RUBB

Much has been written about the benefits of appropriate warehouse and factory doors yet the message of their quick payback value is still not getting through to many users, says Ed Wilks, operations manager for Sara LBS. “Alem* members frequently find that doors are overlooked during the specification stage of new premises and then only considered when they require maintenance,” he says. New environmental legislation, like the Energy Act 2011, suggests that the days are numbered for such insouciance.

The Energy Act will make it unlawful to let buildings with F and G rated energy performance certificates after April 2018. This is why it is so important that warehouse owners and operators should identify which of their premises are at risk of falling foul of this new legislation and put a plan in place to improve the future environmental performance of their properties. The parties responsible for this will depend, in many cases, on the terms and conditions of the lease.

The problem is huge. Government figures suggest that as much as 18% of buildings with an energy performance certificate fall into the bottom two categories, spread across all asset classes. The warehouse sector alone is responsible for 10.2 million tonnes of CO2 emissions every year, or 3% of the UK’s total output, but a recent report suggests 16% of this could be cut, mainly through improved heat and light efficiency such as doors.

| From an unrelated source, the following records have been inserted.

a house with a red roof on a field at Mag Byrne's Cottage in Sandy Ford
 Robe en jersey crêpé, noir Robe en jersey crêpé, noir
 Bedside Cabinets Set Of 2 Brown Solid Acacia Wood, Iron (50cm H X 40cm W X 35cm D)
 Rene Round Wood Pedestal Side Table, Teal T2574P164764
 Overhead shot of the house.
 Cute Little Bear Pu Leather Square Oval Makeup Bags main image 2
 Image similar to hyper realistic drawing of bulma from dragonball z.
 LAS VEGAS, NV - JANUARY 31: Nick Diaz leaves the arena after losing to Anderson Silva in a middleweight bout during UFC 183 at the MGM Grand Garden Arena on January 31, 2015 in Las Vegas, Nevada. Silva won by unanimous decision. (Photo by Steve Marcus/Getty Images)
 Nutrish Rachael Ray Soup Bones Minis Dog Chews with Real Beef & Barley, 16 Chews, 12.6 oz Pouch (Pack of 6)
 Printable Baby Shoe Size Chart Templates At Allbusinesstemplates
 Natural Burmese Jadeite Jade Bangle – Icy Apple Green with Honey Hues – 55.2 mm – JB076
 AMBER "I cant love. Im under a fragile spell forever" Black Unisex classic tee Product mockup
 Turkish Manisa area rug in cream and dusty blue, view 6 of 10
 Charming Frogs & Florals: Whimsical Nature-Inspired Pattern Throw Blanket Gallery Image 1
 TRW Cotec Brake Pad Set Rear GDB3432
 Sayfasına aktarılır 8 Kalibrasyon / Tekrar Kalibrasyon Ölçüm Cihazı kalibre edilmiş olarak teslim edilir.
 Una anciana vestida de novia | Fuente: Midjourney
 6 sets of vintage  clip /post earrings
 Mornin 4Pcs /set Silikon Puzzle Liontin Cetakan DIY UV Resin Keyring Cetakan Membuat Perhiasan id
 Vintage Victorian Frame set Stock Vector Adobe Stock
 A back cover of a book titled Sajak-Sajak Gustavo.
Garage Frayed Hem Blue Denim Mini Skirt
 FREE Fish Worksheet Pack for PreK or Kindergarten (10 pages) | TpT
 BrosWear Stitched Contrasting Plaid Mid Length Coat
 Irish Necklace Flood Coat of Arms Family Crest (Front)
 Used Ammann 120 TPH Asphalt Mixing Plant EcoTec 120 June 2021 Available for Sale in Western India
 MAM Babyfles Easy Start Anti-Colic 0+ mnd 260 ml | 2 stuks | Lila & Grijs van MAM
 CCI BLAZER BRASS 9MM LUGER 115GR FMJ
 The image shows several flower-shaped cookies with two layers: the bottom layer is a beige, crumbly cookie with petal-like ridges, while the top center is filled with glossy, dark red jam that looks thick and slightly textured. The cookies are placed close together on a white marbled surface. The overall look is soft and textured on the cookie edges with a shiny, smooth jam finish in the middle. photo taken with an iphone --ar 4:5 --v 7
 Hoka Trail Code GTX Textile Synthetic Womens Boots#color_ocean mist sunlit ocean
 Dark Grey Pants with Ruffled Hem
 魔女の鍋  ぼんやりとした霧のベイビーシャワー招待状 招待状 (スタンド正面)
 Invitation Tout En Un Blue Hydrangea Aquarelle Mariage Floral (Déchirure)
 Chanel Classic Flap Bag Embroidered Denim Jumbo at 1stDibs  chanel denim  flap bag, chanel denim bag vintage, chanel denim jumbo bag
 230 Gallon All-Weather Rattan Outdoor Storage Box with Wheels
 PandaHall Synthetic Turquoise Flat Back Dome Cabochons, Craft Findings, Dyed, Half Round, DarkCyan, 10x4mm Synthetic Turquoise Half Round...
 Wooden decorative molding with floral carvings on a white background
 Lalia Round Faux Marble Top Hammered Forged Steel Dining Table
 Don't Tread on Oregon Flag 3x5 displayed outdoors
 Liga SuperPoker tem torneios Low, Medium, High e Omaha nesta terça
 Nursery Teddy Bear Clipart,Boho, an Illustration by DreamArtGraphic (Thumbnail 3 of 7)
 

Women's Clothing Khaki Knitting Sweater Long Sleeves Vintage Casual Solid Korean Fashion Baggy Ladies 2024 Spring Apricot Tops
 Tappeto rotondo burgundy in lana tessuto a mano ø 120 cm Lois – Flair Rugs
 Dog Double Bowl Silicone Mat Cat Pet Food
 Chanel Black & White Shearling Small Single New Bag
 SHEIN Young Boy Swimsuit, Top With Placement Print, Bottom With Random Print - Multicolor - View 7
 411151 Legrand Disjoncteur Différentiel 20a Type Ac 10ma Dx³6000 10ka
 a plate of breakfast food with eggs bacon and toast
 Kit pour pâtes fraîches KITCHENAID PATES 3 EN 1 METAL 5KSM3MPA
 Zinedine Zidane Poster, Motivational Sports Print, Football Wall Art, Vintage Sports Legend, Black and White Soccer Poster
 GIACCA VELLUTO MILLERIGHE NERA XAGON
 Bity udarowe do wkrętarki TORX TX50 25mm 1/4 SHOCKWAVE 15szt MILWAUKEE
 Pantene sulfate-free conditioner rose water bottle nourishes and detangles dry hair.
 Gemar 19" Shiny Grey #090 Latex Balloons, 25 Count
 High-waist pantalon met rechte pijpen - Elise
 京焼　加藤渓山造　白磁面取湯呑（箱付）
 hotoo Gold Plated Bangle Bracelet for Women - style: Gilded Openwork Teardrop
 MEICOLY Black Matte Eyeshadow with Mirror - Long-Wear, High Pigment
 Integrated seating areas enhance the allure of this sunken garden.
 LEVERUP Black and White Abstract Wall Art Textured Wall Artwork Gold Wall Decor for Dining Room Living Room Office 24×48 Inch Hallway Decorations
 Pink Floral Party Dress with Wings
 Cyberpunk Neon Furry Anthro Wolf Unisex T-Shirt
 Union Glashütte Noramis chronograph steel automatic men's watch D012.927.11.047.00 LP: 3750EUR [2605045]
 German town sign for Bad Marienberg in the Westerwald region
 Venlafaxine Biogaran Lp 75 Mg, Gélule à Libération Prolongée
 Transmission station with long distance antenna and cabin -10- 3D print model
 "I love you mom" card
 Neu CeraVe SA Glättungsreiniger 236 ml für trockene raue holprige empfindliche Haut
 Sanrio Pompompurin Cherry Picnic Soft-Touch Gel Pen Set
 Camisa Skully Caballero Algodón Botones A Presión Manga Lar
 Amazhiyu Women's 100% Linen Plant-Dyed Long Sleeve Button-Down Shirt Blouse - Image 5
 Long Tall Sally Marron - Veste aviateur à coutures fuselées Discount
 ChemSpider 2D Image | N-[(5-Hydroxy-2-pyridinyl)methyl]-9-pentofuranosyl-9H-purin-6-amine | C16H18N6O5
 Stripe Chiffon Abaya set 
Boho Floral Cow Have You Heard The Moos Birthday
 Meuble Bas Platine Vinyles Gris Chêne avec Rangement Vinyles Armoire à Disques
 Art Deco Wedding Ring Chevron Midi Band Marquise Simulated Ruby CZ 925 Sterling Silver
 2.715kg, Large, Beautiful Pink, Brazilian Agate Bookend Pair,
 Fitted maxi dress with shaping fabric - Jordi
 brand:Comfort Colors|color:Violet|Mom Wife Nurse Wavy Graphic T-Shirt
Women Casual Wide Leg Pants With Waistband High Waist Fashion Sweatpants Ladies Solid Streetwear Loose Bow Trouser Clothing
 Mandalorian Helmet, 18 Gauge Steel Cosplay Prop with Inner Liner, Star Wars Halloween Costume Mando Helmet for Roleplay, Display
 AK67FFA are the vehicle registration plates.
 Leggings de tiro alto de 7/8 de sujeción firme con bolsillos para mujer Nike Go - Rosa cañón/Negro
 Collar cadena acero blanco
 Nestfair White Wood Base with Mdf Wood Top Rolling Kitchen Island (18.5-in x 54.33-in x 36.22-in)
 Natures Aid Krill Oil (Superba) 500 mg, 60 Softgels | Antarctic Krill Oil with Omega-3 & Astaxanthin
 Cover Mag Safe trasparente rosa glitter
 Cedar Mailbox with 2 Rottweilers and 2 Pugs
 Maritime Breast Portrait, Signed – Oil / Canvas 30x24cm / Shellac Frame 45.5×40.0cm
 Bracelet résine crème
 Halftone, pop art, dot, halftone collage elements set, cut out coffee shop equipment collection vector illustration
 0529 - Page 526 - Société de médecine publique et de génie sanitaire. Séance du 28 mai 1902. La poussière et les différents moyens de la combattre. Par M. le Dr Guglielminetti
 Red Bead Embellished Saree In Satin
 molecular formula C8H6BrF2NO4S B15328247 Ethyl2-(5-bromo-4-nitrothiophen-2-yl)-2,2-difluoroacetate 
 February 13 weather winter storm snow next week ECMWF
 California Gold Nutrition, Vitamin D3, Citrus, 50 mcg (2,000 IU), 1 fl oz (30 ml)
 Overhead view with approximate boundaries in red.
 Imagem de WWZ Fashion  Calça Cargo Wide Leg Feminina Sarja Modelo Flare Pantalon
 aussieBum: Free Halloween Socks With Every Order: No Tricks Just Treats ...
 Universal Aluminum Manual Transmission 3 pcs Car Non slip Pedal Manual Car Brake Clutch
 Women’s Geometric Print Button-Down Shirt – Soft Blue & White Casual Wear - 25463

Leaving the solution to the last minute invites high statutory compliance costs so it makes far better sense to identify the reasons for poor performance now and carry out efficiency improvements during routine maintenance or periodic refits. It’s also important that landlords of D and E rated buildings don’t become complacent because falling values will affect them too over time as regulations get more stringent.

Undoubtedly a key weapon against the war on energy waste is efficient door technology. Lighting is often cited as the biggest warehouse energy user, typically accounting for 60% of total energy costs, but what warehouse operators may not know is the capacity for a well-installed, appropriate door to provide thermal insulation, saving huge amounts of thermal regulation each year. A good example of this are the ‘eco’-breweries’ which are using low carbon insulations and natural cooling, including a living sedum roof, to eliminate the need for electrical cooling systems. The correct room temperature is maintained without the use of any electrical chillers, but the system can only work with adequate isolation from outside air temperature, making the door’s thermal efficiency of critical importance.

When considering doors it is crucial to avoid cheap manufacturers and get feedback from existing door users through site visits. The leading door producers who are ALEM members will be happy to expedite these visits and carry out free energy audits of prospective customer’s sites, showing a payback chart.

A good point to bear in mind when choosing rapid roll pvc doors is their damage recovery times. Traditional sliding, insulated  doors on openings to industrial freezers can be the cause of high energy loss, partly because they are prone to impact damage which could mean the thermal seal is compromised for an uncomfortably long time. Leading door makers provide their rapid roll doors with crash out capabilities, which means repair is quick but it is also important to choose a good quality door as these will withstand most knocks better than cheap makes.

Doors are like forklifts in that users still place initial cost price as their top priority, when they should be looking instead at the life cycle costs because the on-going costs for constant call-outs, repairs and parts can be astronomical.

* Association of Loading and Elevating Equipment Manufacturers.